By Santiago Hunt
On Feb 3rd 2022, Facebook’s stock saw a 27% decrease in one day. This was the biggest % drop for the stock in its history, marking a 250B (!) loss in 24hs.
What happened? A fall in DAUs, TikTok competition…but the chief negative driver was Apple’s ATT (App Tracking Transparency) move hitting Facebook/Meta in full force. What is ATT? More on this below, but the one liner is that Apple has severely reduced tracking activity across apps, which has in turn hurt Meta’s targeting capability.
What’s more important though, is that Feb 3rd marked the shift into a new era of advertising: the Binary Paradigm. How did we get here, and what will it mean for the future? Brief history recap:
Traditional Advertising: Interruption Paradigm (1950s-2007)
For over 50 years, advertising operated under the “Interruption Paradigm”. What was the “Interruption Paradigm”? Due to limited segmentation capabilities, advertisers had little grasp of their ROI. “If only I knew which half of my advertising budget works…” showcases this era’s challenges.
If you can’t properly segment, you need to fish in the biggest pool possible and hope for the best. To do that, you need people’s attention. The more attention, the higher your chances of successfully landing your message. The best strategy? Interruption. Big, resounding ideas that lived primarily on TV.
This was the golden age of “creative”. Because attention was scarce, you had to be bold and different. And because our brains react faster and stronger to emotional stimuli, many messages weren’t confined to plain old rational stories. Instead, there was permission to break boundaries. To be creative.
Probably, the Epitome of this era was Cadbury’s Gorilla ad (2007), which featured 90” of a gorilla playing the drums…in the hopes of driving chocolate sales. (By the way, the ad is brilliant. But it’s also the tombstone of an era).
Modern ADV – Age I: The Conversation Paradigm (2007-2013)
Although Internet was already a thing for ~15 years, it is only around 2007 that “Modern Advertising” comes to be. In a Modern Advertising world, people can now “talk back” at scale thanks to Web2 aka Social Media (In Web1, scale was the missing piece). Suddenly, brands see that audiences are no longer mute. Time to change tactics. No more one-way street messaging. The “Conversation Paradigm” is born.

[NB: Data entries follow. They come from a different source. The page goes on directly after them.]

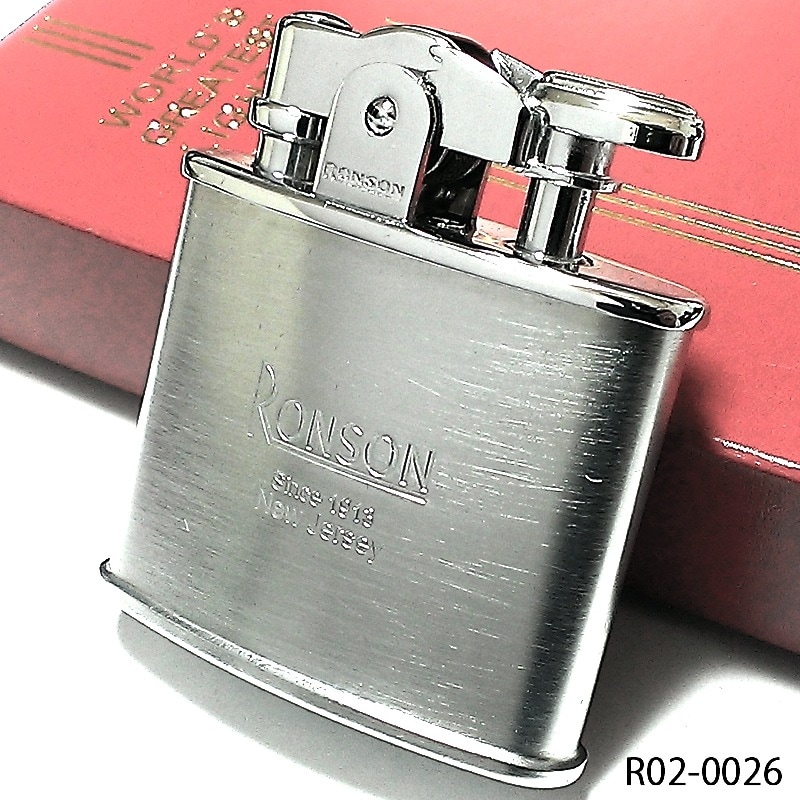 オイルライター RONSON シンプル スタンダード ブランド シルバー ロンソン かっこいい クロームサテン シンプル おしゃれ メンズ プレゼント ギフト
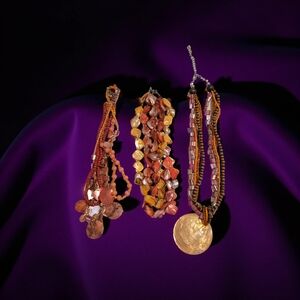 Elegant Multi-Strand Beaded Necklaces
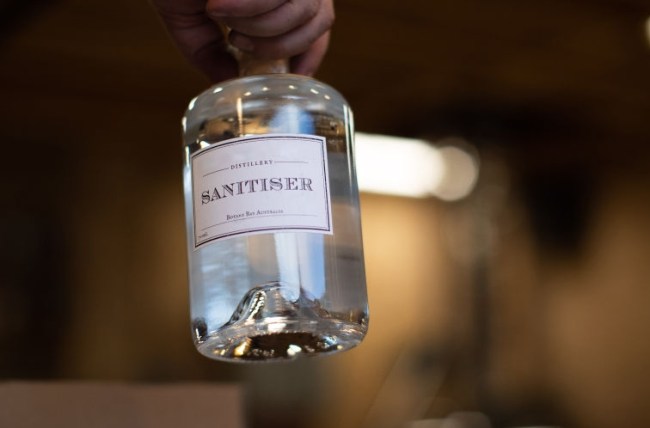 australian distillery gin hand sanitizer recall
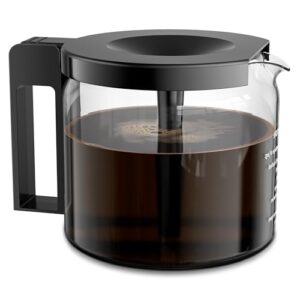 Garrafa de vidro compatível com Technivorm Moccamaster KBGV Select, KBG Brewers, CD, CDG, 1,134 g, 1,25 L, substituição de cafeteira (89830)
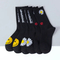 Xianghui Women's Socks Korea Funny Long Black Cool Socks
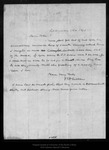 Letter from W[illia]m [P.] Gibbons to [John Muir], 1896 Jan 3. by W[illia]m [P.] Gibbons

A new player surfaces: the “Community Manager”. These community managers, unlike today’s automatic bots/software, were real people. Responsible for wide ranging conversations on behalf of brands. Which led to multiple questions: How do we engage with real people? What’s our tone of voice? What do we say? What do we not say?
At this time, Facebook is keen on selling brands a framework called CEII, which stands for something in the lines of Connect – Engage – Interest – Influence. Account executives try to convince advertisers about the importance of “Fans” (remember Fans?), even though it is unclear how to monetize these relationships (for both advertisers and FB).
Meanwhile, Google launches its now failed social network, G+. A good product, with some very avant garde insights, such as the possibility to tailor your online persona based on the audience. Same as how you would behave offline. But network effects are cruel. Google never finds a reason good enough to get people to switch. Turns out inertia is a powerful force!
Twitter/Instagram/Snapchat/Pinterest are launched (many failed social networks as well). Meanwhile in China, social media forks the road and takes a wildly different path than in the West (worth another post in itself).
Many marketers realize something: What happens if your brand is not worth having a conversation? Two subproducts of the “Conversation Paradigm” are born: Purpose-led & Content-led advertising. The former is an attempt at creating deeper meaning for brands. The latter is about making them interesting.
Some brands figure out that it’s hard to do conversations without being fake or irrelevant. Better to hijack existing ones —> Influencers are born. The end of this period marks the peak of ad agencies. Agency stock prices plateau in 2013/2014. Since Jan 2014, Omnicom’s returns are less than 25% of the S&P’s, Publicis’ are only 6% vs. S&P, and WPP’s are directly negative!

Modern ADV – Age II: The Direct Response Paradigm (2013-2021)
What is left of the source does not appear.